主人公は、若い頃に一度、公募展で賞を取ったきり、その後鳴かず飛ばずで千葉の小さな町で絵画教室の先生をやりながら暮らしている女性画家(40代)。元ダンナは、年上の才能ある現代画家。16歳になる娘は東京で駆け出しのアイドルとして頑張ってキラキラしている。主人公は元ダンナの活躍に嫉妬したり、娘のキラキラ感にプレッシャーを感じたりして、全然絵が描けなくなっている。
彼女のささやかな癒しは、娘が通っていた塾に勤める無口な年下の男(ちょうど昨年ヒットした『昼顔~平日午後3時の恋人たち~』における斎藤工の役みたいに、自己主張は薄いけど、抑圧されている女性を受け止めてくれる都合の良い男)……って、なんか、よくある話だと思いません?
そう、話としてもペラいんですよ。さらに情報量もスカスカだからペラい話が余計にペラく見える。例えば元ダンナの活躍ぶりにしても、「今や海外でも名を知られるアーティストとなった」という一言で説得力を持たせようとしているんですけど、これ「欧米では○○するのが当然」、「北欧では全員フリーセックスしている」ぐらいの説得力しかないから!
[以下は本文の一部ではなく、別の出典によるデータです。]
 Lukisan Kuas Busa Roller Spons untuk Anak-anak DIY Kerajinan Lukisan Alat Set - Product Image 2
そのペラさも押切先生の持ち味だとは思うのですが、本人は『上手いこと書いてる』と思ってるだろうな~というドヤァな描写のなかに、妙なものが混じっているのも特徴的。例えば、インターネットを利用して主人公が元ダンナの作品をチェックするシーン。「じれったいほどのんびりした通信環境の中、古いスクリーン上へ江藤の絵画が徐々に姿を現していく」って、光景はわかるけど、それ2002年ぐらいのインターネットっぽすぎる! いくら千葉の小さな町でも、もうちょっと速い回線きてるよ!
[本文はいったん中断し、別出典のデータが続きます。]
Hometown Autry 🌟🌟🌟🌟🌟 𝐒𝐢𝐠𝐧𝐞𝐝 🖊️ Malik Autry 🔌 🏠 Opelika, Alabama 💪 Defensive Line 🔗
はっ! 気がつくと「悪口はそこまでだ!」と言っていた自分も押切先生を叩きかねない心境ですが、それでも私は押切先生の本が大好きです。第1著作である『モデル失格 幸せになるためのアティチュード』(小学館)にせよ、前作にせよ、書いている本人のメンタリティが色濃く反映された私的な内容は、彼女が「押切もえ」というタレントだからこそ、とても面白く読めるものです。「自分はドン底まで落ちないと成長できないタイプ」と語る彼女の主人公もドン底まで落ちて、根性で這い上がっていく。そのプロセスには、実体験からくるリアリティがある。
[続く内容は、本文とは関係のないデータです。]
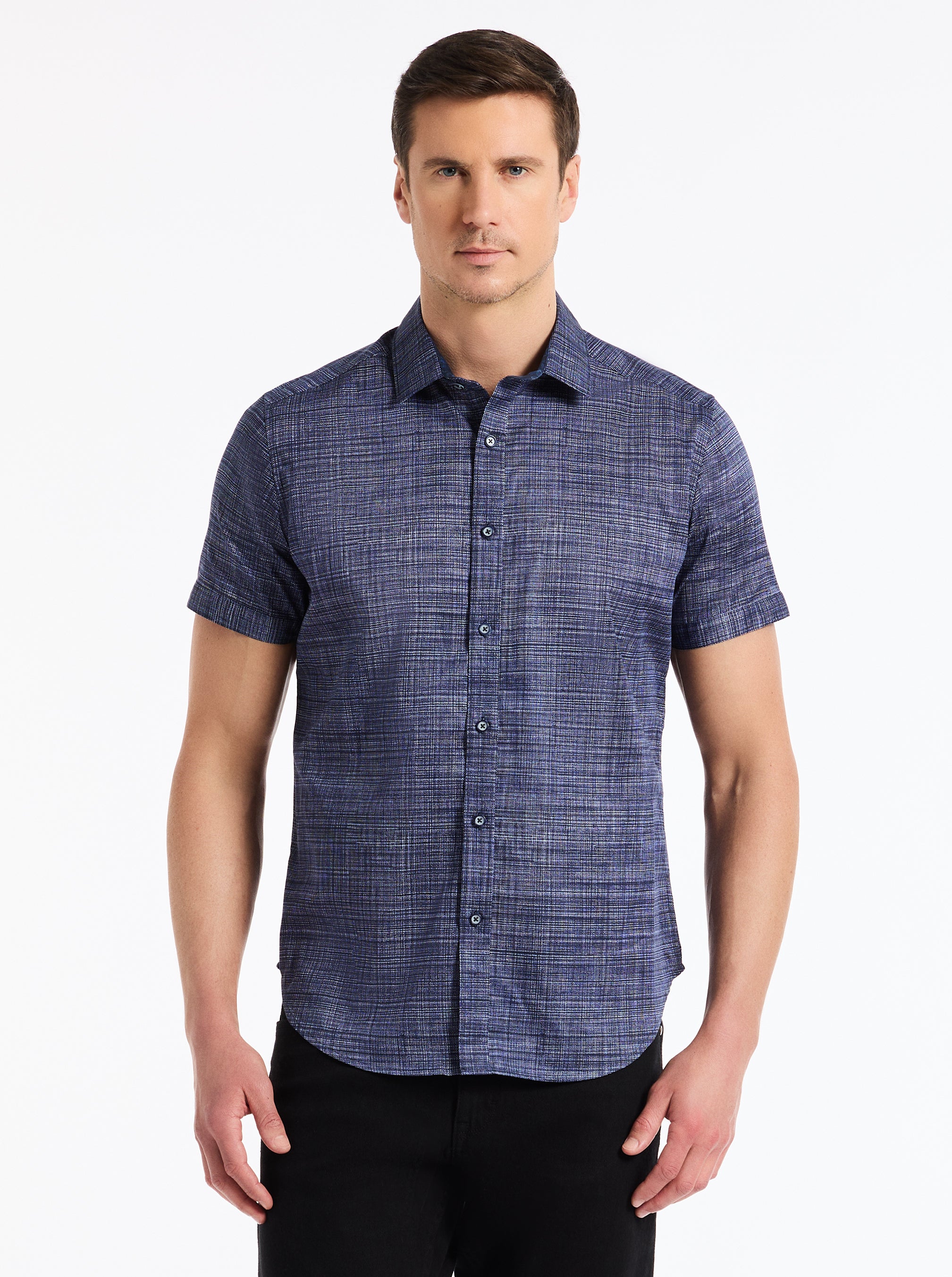 ROTH SHORT SLEEVE BUTTON DOWN SHIRT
今回の作品も主人公が「人に認められたい」、「良い絵が描きたい」という承認欲求で苛まれながら、ドン底まで落ちています。しかし、今回は這い上がり系ではない! これが大きな驚きでした。ただし、「周囲の評価なんか気にしないで、自分の好きな絵を描くのが幸せ!」というありきたりな着地点ではある。これまでの先生が「評価されるためならどんな苦しいこともやります!」と若手芸人みたいな貪欲さを持っていたのに比べると、ずいぶん変わってしまったんじゃないか、と思ったわけです。
もしかして押切先生は、弛まぬ自己啓発と鍛錬の日々に疲れてしまったの……? と私は今ものすごく心配しています。心配のあまり、小説を読み終えて、ダッシュで本屋に行って『AneCan』1月号(小学館)をチェックしちゃいましたもん。すると中身は、表紙でドレス姿を披露している不動の絶対エース、蛯原友里さんと、高垣麗子さんのお姿ばかり。彼女らと並んでトップ3の一角を担っていたはずの押切先生の存在感が限りなくゼロになっているではありませんか……。
モデルとしてもう這い上がれなくなった彼女の心が、小説の主人公に反映されているのか、それともモデル業から手を引いて、しれっと文化人枠へとシフトする戦略を実行中なのか……。押切先生からは今後も目が離せません。